EXERCISE: Give the lines below again exactly, starting with the line that holds "粘粘世界2图文攻略全关卡解密流程_粘粘世界2通关解密要点_粘粘世界第二章攻略" and going on through the line that holds "イースト駅前クリニック小倉院へのアクセス".

MATERIAL PROVIDED:
━━━

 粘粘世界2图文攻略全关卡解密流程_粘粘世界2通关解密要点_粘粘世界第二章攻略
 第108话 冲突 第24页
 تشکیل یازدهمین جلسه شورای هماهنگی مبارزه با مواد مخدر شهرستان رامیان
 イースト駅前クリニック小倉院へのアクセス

━━━

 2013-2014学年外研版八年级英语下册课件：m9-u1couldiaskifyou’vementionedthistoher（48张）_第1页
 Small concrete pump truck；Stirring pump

━━━

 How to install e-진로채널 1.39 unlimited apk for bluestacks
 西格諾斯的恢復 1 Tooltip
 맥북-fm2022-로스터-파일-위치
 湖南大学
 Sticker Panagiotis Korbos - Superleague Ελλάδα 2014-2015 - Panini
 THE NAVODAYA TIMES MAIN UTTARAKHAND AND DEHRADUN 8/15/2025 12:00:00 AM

━━━

THE COMPLETED TASK:
 粘粘世界2图文攻略全关卡解密流程_粘粘世界2通关解密要点_粘粘世界第二章攻略
 第108话 冲突 第24页
 تشکیل یازدهمین جلسه شورای هماهنگی مبارزه با مواد مخدر شهرستان رامیان
 イースト駅前クリニック小倉院へのアクセス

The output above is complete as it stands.